Perkataan Li Shizhen membuat Yuan terkejut.
“A-Aku minta maaf, tapi itu tidak mungkin,” ucapnya sesaat kemudian.
“Tidak mungkin? Kenapa?” Li Shizhen mengangkat alisnya.
“Temanku berasal dari keluarga yang sangat tertutup dan ketat, jadi untuk sekadar mendekatinya saja hampir tidak mungkin. Selain itu, dia tinggal di tempat yang sangat, sangat jauh dari sini.”
“Oh, dan sesuatu baru saja terjadi pada keluarganya, jadi semakin sulit untuk menemuinya sekarang…” Yuan mengarang beberapa alasan secara asal.

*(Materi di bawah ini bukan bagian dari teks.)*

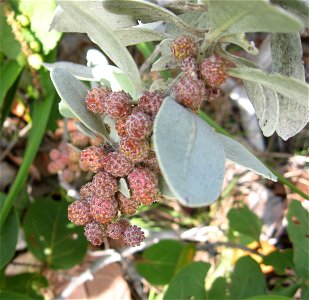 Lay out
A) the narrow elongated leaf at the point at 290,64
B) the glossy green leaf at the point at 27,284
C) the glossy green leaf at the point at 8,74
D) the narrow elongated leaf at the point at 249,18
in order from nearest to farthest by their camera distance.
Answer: the narrow elongated leaf at the point at 249,18, the narrow elongated leaf at the point at 290,64, the glossy green leaf at the point at 8,74, the glossy green leaf at the point at 27,284

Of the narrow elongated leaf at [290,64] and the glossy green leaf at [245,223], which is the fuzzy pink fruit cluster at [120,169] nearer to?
the narrow elongated leaf at [290,64]

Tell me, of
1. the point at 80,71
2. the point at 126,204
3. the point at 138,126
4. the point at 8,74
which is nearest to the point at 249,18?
the point at 138,126

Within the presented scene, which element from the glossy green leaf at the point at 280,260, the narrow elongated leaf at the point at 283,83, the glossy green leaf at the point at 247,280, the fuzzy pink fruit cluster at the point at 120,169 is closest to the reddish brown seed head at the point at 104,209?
the fuzzy pink fruit cluster at the point at 120,169

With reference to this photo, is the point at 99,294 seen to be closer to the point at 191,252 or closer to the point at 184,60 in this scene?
the point at 191,252

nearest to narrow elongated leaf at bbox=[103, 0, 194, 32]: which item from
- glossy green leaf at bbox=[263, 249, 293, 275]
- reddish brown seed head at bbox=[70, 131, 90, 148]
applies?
reddish brown seed head at bbox=[70, 131, 90, 148]

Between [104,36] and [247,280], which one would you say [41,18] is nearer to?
[104,36]

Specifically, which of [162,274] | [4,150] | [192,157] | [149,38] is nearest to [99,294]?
[162,274]

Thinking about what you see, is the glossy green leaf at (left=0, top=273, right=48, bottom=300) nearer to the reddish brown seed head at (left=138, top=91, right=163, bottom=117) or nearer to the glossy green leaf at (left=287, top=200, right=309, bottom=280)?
the glossy green leaf at (left=287, top=200, right=309, bottom=280)

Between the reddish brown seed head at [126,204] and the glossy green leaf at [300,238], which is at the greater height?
the reddish brown seed head at [126,204] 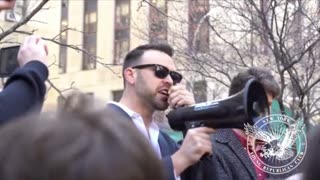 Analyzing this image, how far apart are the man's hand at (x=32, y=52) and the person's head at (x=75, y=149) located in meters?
1.10

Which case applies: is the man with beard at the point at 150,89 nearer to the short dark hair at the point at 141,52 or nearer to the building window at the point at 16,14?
the short dark hair at the point at 141,52

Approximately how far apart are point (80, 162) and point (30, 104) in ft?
3.38

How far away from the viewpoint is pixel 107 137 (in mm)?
1379

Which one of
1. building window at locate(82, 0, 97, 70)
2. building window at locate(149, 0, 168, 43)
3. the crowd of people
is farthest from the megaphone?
building window at locate(82, 0, 97, 70)

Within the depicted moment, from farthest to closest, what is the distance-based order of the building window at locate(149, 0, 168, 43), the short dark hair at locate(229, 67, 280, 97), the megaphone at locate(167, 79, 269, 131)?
the building window at locate(149, 0, 168, 43) < the short dark hair at locate(229, 67, 280, 97) < the megaphone at locate(167, 79, 269, 131)

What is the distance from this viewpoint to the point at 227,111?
2947mm

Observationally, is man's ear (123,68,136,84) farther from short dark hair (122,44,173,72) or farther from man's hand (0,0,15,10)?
man's hand (0,0,15,10)

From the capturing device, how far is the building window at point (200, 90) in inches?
725

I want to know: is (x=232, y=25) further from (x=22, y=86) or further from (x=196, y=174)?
(x=22, y=86)

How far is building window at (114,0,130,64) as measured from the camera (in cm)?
2803

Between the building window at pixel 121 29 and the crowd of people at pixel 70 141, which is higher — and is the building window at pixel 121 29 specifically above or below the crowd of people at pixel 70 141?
above

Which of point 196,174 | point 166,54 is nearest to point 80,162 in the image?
point 196,174

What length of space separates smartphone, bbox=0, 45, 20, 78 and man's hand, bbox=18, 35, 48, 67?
0.88 ft

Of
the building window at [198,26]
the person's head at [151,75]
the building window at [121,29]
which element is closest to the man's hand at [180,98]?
the person's head at [151,75] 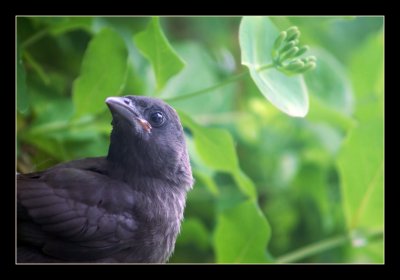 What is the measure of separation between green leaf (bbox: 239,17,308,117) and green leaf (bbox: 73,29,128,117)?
260mm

Bagaimanapun, dia tidak mungkin menceritakan yang sebenarnya kepada Li Shizhen tentang situasinya, karena dia akan terdengar seperti orang gila.
“Begitukah?” Li Shizhen meragukan Yuan mengatakan yang sebenarnya, tapi dia tidak berkomentar tentang hal itu, karena pasti ada alasan mengapa Yuan bersikap seperti ini.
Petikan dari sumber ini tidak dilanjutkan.